“This decision has been made with the health and safety of the Doobie Brothers’ fans, crew and local employees in mind,” the band said in a statement.
Announced to great fanfare back in November, the 53-date trek was set to run between June 9 and Oct. 17, and was to be McDonald’s first with the group since 1996. “We’re truly excited about our 50th-anniversary tour, as it’s a celebration of the band’s entire history,” singer and guitarist Tom Johnston said at the time. “We’ll be performing songs from our full catalog, as well as new music.”
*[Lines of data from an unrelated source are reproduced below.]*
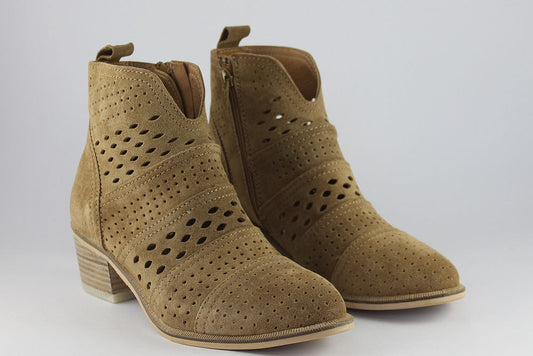 'Nelly' Tan Cut-Out Suede Ankle Boot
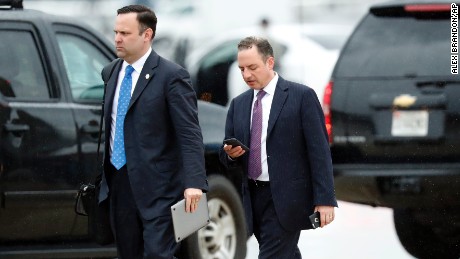 White House Director of Social Media Dan Scavino, left, walks to a vehicle with former White House Chief of Staff Reince Priebus. (AP Photo/Alex Brandon)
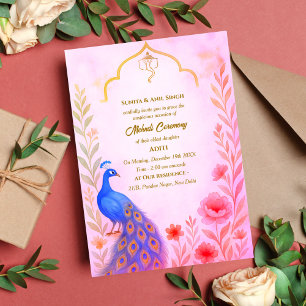 Indian Bride Mehndi Zeremonie Peacock Floral Einladung
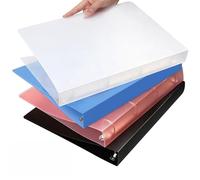 4 Pack A4 Presentation Ring Binder A4 Display Folder with 4 Ring Holds 220 Sheets 1.5 Inch D Ring Plastic Binders for Documents, Contract, Certificates, Receipt, School Supplies - 12x10 in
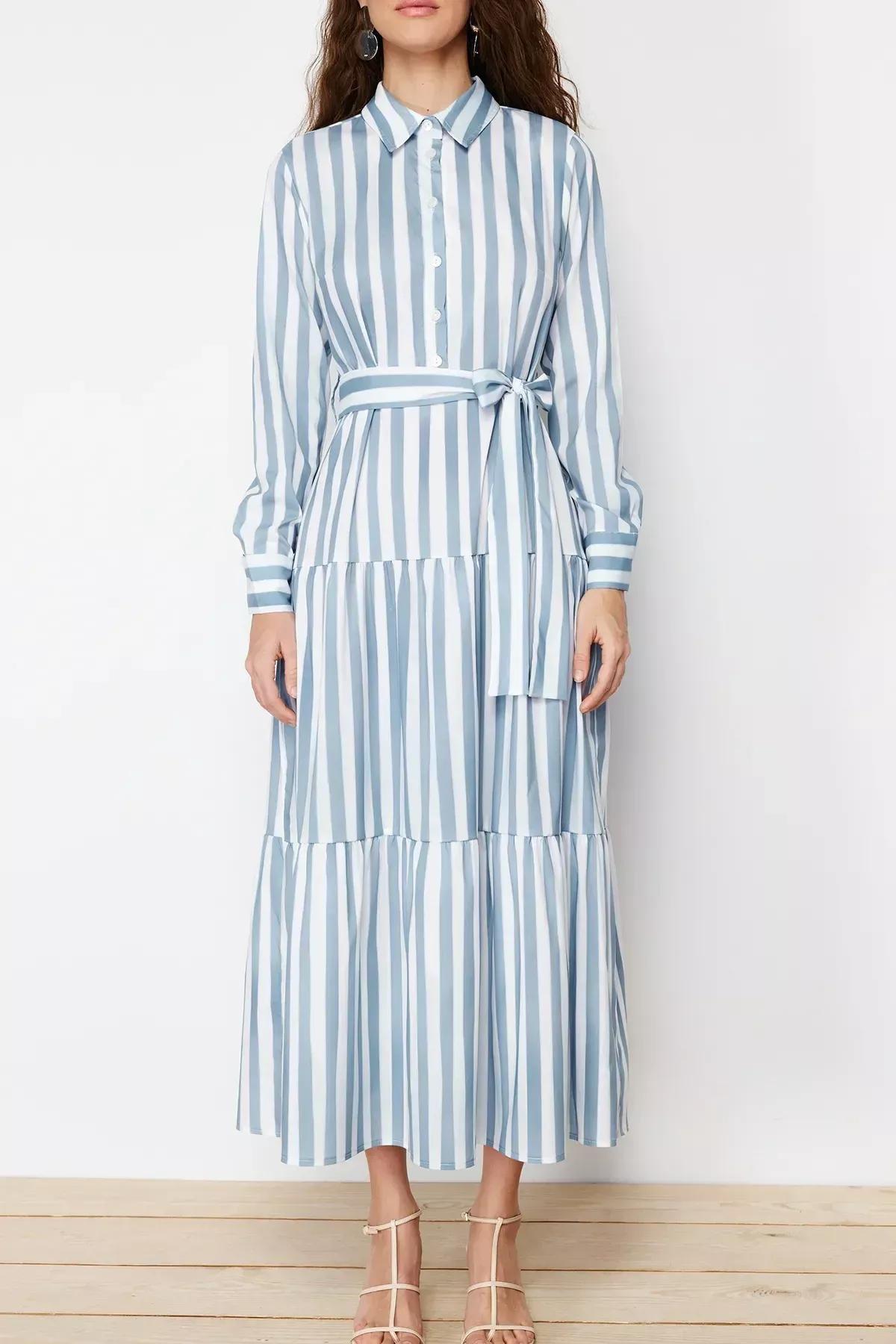 Blue Striped Shirt Dress, Blue, large image number 5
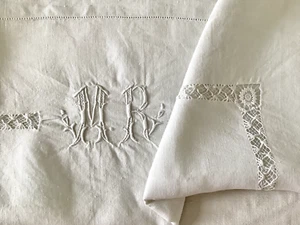 Lovely Antique Vintage French Hand Embroidered Linen Pillow Sham Monogram MR - Picture 1 of 10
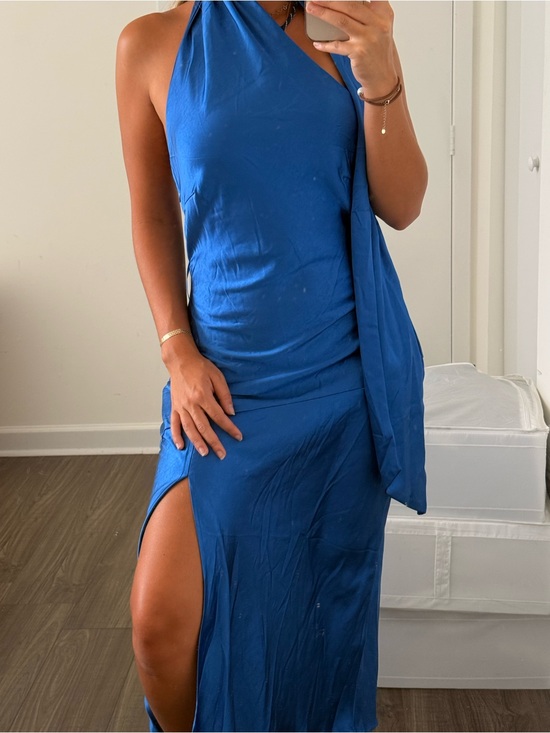 Hello Molly Dresses & Skirts - Hello Molly Royal Blue Halter Maxi Dress with Thigh Slit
The jaunt will now kick off in the same city, West Palm Beach, Fla., on July 17, 2021, and wrap Oct. 21 in New Orleans. Shows have been outright canceled in Mount Pleasant, Mo.; Sioux City, Iowa; Boise, Idaho; Albuquerque, N.M.; Little Rock, Ark.; Bossier City, La.; and Memphis.
The original tour was set to feature McDonald alongside Doobie Brothers co-founders Johnston and Patrick Simmons, longtime guitarist John McFee and their other live members. It would also serve as a de facto victory lap for the Doobies, who are one of this year’s inductees into the Rock & Roll Hall of Fame. (The induction ceremony was supposed to take place on May 2 in Cleveland but has been pushed back until Nov. 7.)
“I can’t imagine a better start to our 50th year than by being inducted into the Rock & Roll Hall of Fame,” Johnston said. “Earning the recognition of our peers is a great honor that I don’t take lightly, but it’s our fans who kept us believing that we could get in. This is a stellar moment for the Doobie Brothers.”
“It’s been one of the great honors of my life to share the stage with all these guys over the years,” five-time Grammy winner McDonald added. “To see the band receive this honor is wonderful to say the least.”